▼

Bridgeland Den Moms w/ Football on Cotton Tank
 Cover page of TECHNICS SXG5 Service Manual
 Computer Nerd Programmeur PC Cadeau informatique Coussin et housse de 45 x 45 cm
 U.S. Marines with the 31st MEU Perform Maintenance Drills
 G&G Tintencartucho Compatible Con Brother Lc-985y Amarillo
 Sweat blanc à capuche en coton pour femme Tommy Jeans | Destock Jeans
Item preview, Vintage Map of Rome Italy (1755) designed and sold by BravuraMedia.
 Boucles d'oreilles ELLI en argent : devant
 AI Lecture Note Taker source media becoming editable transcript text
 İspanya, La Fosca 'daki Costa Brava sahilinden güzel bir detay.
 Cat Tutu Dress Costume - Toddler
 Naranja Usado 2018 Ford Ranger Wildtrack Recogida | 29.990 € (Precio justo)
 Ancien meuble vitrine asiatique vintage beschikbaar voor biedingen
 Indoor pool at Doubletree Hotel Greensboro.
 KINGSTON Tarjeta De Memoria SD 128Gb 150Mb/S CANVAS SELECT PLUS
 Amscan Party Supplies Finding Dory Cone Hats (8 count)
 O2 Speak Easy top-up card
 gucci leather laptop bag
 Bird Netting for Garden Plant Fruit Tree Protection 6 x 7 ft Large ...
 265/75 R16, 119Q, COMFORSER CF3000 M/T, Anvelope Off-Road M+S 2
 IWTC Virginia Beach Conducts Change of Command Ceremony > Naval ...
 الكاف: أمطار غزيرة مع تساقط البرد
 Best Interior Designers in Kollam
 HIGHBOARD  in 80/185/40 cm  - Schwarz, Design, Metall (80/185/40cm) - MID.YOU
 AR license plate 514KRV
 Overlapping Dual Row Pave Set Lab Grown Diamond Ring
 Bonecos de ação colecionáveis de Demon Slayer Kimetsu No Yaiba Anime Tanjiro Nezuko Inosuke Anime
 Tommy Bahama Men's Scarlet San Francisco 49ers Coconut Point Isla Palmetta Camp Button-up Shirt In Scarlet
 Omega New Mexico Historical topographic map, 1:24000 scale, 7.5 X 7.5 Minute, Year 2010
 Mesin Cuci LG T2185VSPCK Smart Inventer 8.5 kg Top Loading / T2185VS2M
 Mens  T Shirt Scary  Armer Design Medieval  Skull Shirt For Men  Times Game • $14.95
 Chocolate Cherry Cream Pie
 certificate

▲

> [About this exercise]:
Emit, unaltered, the lines from the top of the listing down through the line that holds "G&G Tintencartucho Compatible"; emit nothing else.

> [Written answer]:
Bridgeland Den Moms w/ Football on Cotton Tank
 Cover page of TECHNICS SXG5 Service Manual
 Computer Nerd Programmeur PC Cadeau informatique Coussin et housse de 45 x 45 cm
 U.S. Marines with the 31st MEU Perform Maintenance Drills
 G&G Tintencartucho Compatible Con Brother Lc-985y Amarillo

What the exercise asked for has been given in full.